Bitcoin may have been languishing around $42,000 for weeks but crypto projects sure aren’t having trouble raising money.

Stader Labs and Aleph.im both announced on Thursday (Friday, Australia time) that they’d raised millions from institutional investors.

Paris-based Aleph.im, a cross-blockchain decentralised storage and computing network, said it had raised US$10 million in a round led by Stratos Technologies.

Other participants included Zeeprime, NOIA Capital, Theia, Bitfwd Capital, Ellipti, Incuba Alpha, RareStone, TRGC, Chris McCann and Owen Simonin.

The project is working to become a decentralised, Web3.0 competitor to Amazon Lambda, a serverless computing platform that’s part of Amazon Web Services.

Adeph has 70 nodes already being used by Solana, Ubisoft, Polygon, Request Network and Neon Labs, but this funding round will let it offer minimum wage payments to over 150 compute node operators.

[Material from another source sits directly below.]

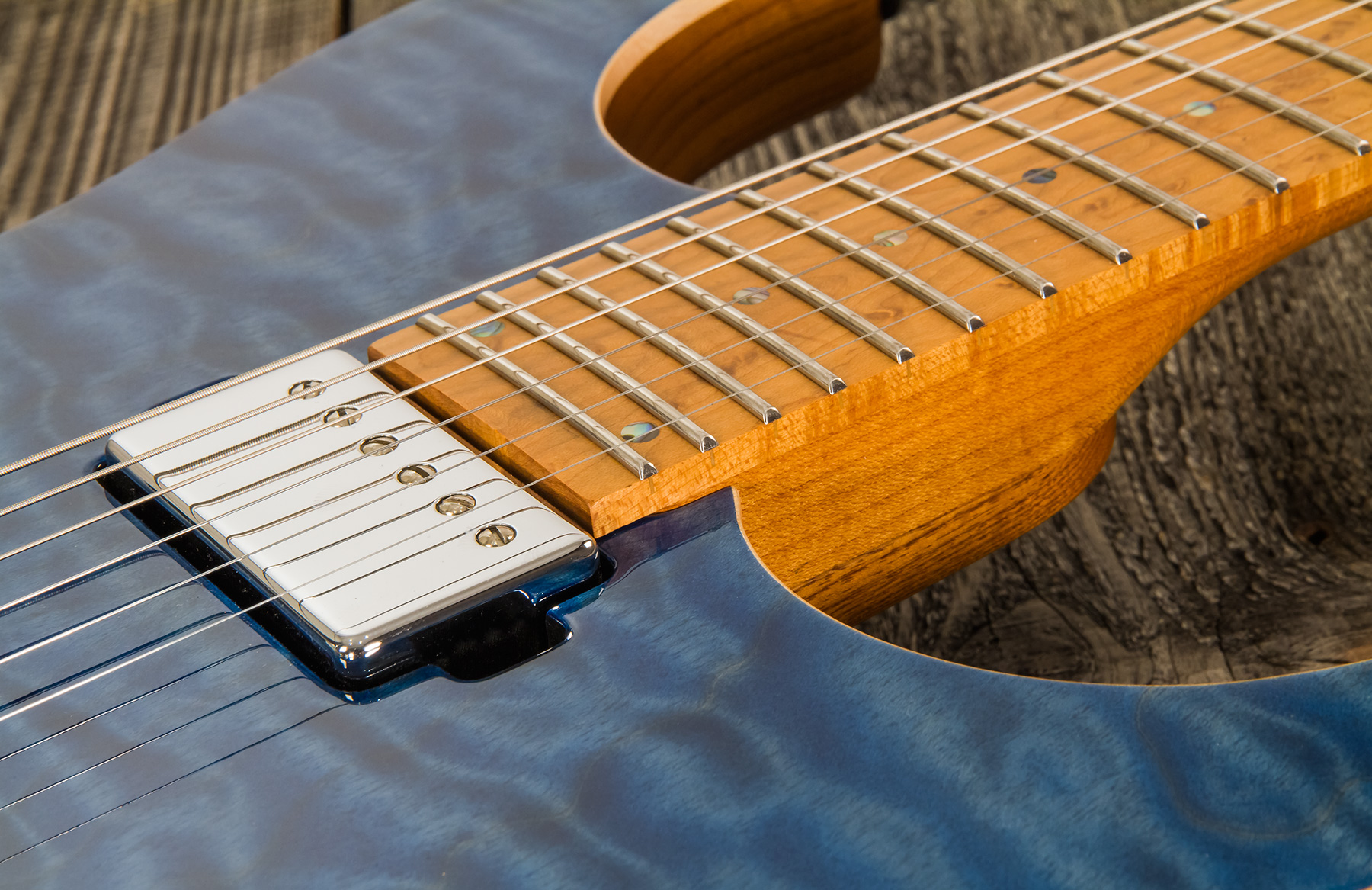 Mayones Guitars Aquila Elite S 6 40th Anniversary 2h Trem Mn #aq2204194 - Trans Blue Gloss - Guitarra eléctrica con forma de str. - Variation 5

Some of the investors also committed to provide infrastructure to support the network as part of the funding round.

“This round of funding is a key piece in executing our broader vision for Aleph.im,” said founder Jonathan Schemoul.

“In addition to the immediate rollout of the network’s compute nodes, this year will also bring the activation of Aleph.im storage nodes, meaning the network will be capable of both decentralised processing and decentralised storage.

“This will enable Web3 builders, Dapps and protocols to fully decentralize up to the last piece of their  development stack.”
 

Stader Labs raises $12.5m

Meanwhile, Bangalore-based Stader Labs has raised $12.5 million in a strategic round led by Three Arrows Capital that values the staking platform at up to $450 million.

Other investors included Blockchain.com, Accomplice, Australia-founded Digital Asset Capital Management, GoldenTree Asset Management, Accel, Amber, 4RC, Figment, and angel investors including FalcolnX cofounder Prabhakar Reddy and Anchor Protocol general manager Matt Cantieri.

“This capital will be strategically deployed to accelerate our cross-chain expansion, as well as to nurture our growing ecosystem of third-parties developing staking applications with decentralised Stader infrastructure,” said Stader Labs chief executive Amitej Gajjala.

The platform makes it easy for delegators to stake with a basket of validators, helping proof-of-stake networks decentralise.

Stader is currently live on the Terra ecosystem, with nearly US$500 million in total value locked (TVL) across 15,000 wallets since its launch in November.

“These numbers underscore both Stader’s early traction and the broader market opportunity in staking infrastructure,” said Kyle Davies of Three Arrows Capital.

Stader expects to soon expand to Solana, Ethereum, Fantom, Hedera, and Polygon.